In 2006, the New York Times reduced the size of its newspaper and reduced its staff by a third. Its revenue and profit at the time were flat from the previous year while internet revenue was increasing. Part of this is due to the fact that by the Times gets news, it’s old news. While the podcast idea is interesting, it’s been going on for several years on the internet.
Romances are conspicuously missing from Podiobooks.com.
Sigler Site owner, Evo Terra, blames this on the technical deficiencies of romance authors. NYT didn’t really investigate any further . Dorchester author Sandra Schwab offers authorial podcasts, for free of course, which she began in March 2006. Schwab read original poems, short stories, and is currently in the process of reading of original fiction work called Betrayal. While romantic suspense Pocket author Michele Albert isn’t podcasting, she is giving away her previously published work, All Night Long, on her website, Inkalicious, and selling her other out of print title, Absolute Trouble, at lulu.com for $1.25 (which is almost like giving it away.
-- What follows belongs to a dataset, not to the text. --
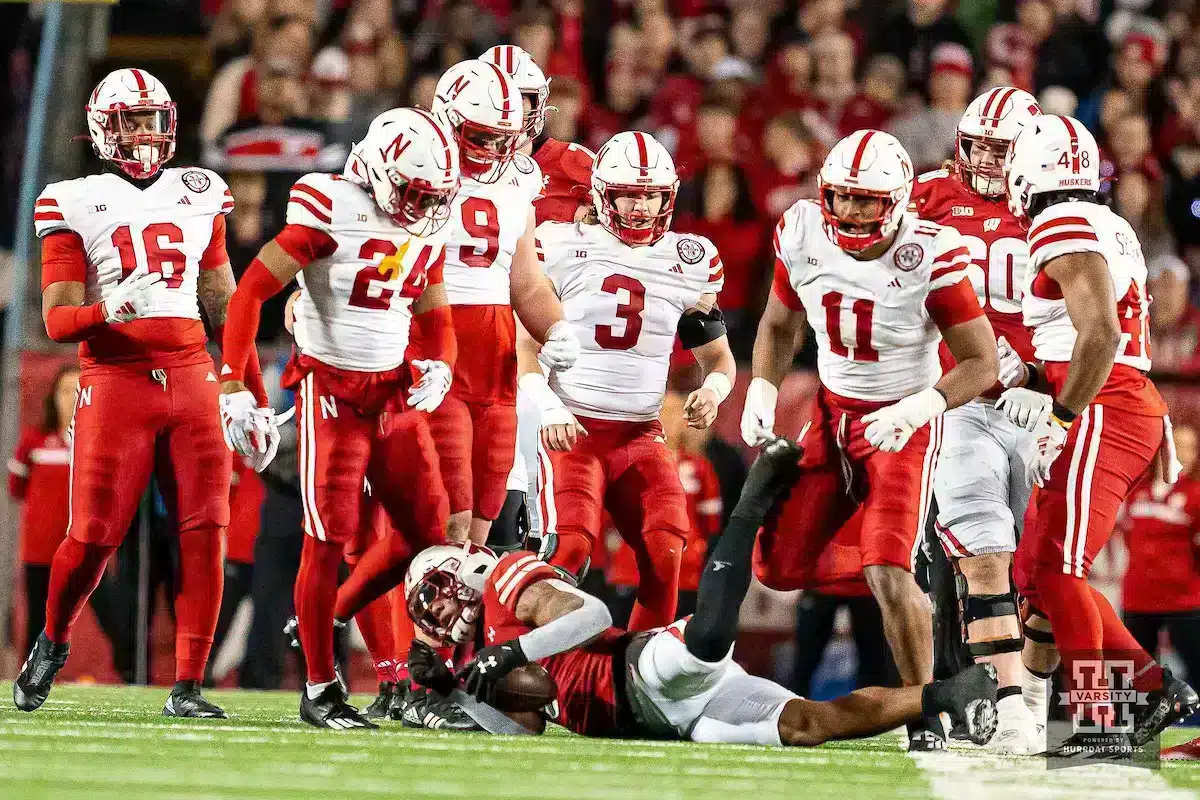 Nebraska Cornhuskers defense stands over Wisconsin Badgers running back Jackson Acker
In measuring the genres who are doing innovation and who are not, I would have to point the finger against mystery authors. Perhaps the Poddio authors should have said that mystery authors aren’t living up the standards being set by romance and science fiction authors. In the Celebrity Death Match: Genre Fiction Style, I give 2 points to the romance authors, 2 to the science fiction authors (they get points deducted for just being wrong), 1 point to mystery authors for just actually writing, and 0 to the New York Times for not knowing what is going on and being way late to the game. The real issue burning in books these days is the same one going on in the music industry–DRM. I’d like to see the Times tackle that one.